Wilson Cramer, the secretary of the railroad company, was a Jackson lawyer. One news clipping indicates that he served on the building committee for the present county courthouse.
Finally, the last shareholder, Frederick Tiedemann, opened a milling operation at Jackson in 1883. Naturally, the railroad would be a huge boost to his business, and he likely became one of the first customers.
These businessmen and officeholders all had a vested interest in bringing a railroad to Jackson. Until this time, the railroads had bypassed Jackson to the south. The Belmont Branch of the Iron Mountain Railroad, built 1869, entered Cape Girardeau County, but only through the southwest corner. Meanwhile, Cape Girardeau finally had a railroad in 1880 thanks to the efforts of lawyer-turned-accidental-railroad-tycoon Louis Houck, but that line didn't help Jackson. Civic leaders likely figured that if the iron horse didn't come soon, Jackson would be in deep trouble.

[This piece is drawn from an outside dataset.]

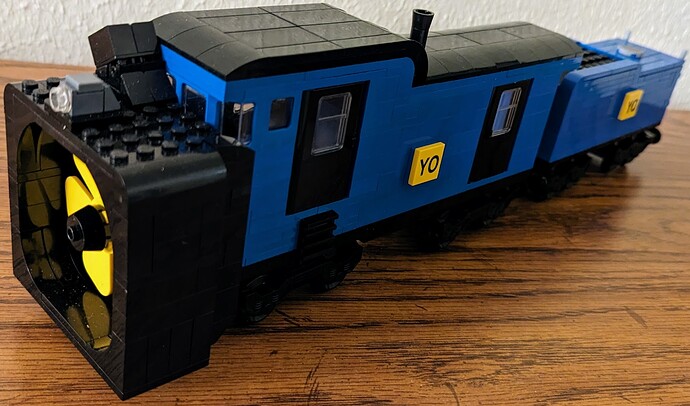 Rotary Snow Plow  YO - plow itself - front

The original charter for the Jackson Branch Railroad authorized the company to build from Allenville through Jackson and on to Perry County, ending opposite Grand Tower, Illinois. By 1885, however, only the line to Jackson had been completed, but that was enough to satisfy the company's main objective. The tracks connected to the Iron Mountain Railroad at Allenville, providing access to St. Louis and beyond.
It didn't take long for the Iron Mountain to absorb the Jackson Branch Railroad. In Jan. 1885, the Jackson shareholders sold the company to legendary railroad baron Jay Gould. With a growing railroad empire spanning over 10,000 miles, the Jackson railroad -- with a paltry 16.3 miles of track -- would have been a mere trifle for Gould.
Jay Gould's signature on the contract to buy the Jackson Branch Railroad - from the Missouri Secretary of State website
Louis Houck was also growing his little railroad domain out of Cape Girardeau, but Houck wasn't in the same league as Gould. Nevertheless, Houck was was able to hold his ground when the two sides butted heads.
Jackson had its railroad, but business leaders in Perryville weren't happy that their town was still cut off from modern civilization. They agitated for the railroad to be extended into Perry County as originally intended, but the Iron Mountain -- and later the Missouri Pacific -- never did so. Instead, Louis Houck constructed the Cape Girardeau Northern Railroad, which connected Cape Girardeau, Jackson, Perryville, and more. Jackson found itself at the junction of two railroads -- but not for long.
This 1922 topographic map of Jackson shows the many railroad lines around town
The popularity of automobiles was a major blow to railroad traffic, especially passenger service. The Great Depression didn't help matters. By 1932, the Missouri Pacific planned to eliminate the Jackson Branch Railroad. Only $4 of freight was shipped on an average day to three Jackson businesses that still used the rails. Speaking at a Chamber of Commerce meeting, Frank Black, a conductor for the railroad, announced, "If we don't get more support, it is only a question of time when there won't be any railroad in this county..."
His dire warning didn't quite come to pass, but now, 80 years later, the Jackson Branch Railroad is on its last legs -- again.
While it's probably fruitless to keep the dilapidated railroad tracks intact between Delta and Gordonville, there is still the prospect that the rail corridor can be converted into a bicycle and pedestrian trail. Missouri has seen wildly successful rail-to-trail projects (such as the Katy Trail), but Southeast Missouri has been left out so far. This is a golden opportunity to preserve a segment of the St. Louis Iron Mountain & Southern Railway as a trail -- even if it's nowhere near St. Louis or Iron Mountain.